**Exercise goal**
Find the string "with" in the data, then copy every line where it is found.
--- Input data Enclosed Below ---
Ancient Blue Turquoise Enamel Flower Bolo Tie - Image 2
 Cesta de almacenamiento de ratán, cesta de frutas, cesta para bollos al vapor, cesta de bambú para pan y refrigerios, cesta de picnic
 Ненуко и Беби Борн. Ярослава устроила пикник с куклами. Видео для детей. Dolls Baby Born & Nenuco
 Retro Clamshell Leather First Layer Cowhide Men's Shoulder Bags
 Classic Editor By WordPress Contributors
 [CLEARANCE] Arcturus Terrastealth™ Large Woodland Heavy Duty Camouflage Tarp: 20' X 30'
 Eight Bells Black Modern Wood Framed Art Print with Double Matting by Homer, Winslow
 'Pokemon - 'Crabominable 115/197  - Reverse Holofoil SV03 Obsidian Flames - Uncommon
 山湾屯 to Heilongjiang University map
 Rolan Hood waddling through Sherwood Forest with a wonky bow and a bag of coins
--- End of Enclosed Input data ---
**Solved problem**
 Eight Bells Black Modern Wood Framed Art Print with Double Matting by Homer, Winslow
 Rolan Hood waddling through Sherwood Forest with a wonky bow and a bag of coins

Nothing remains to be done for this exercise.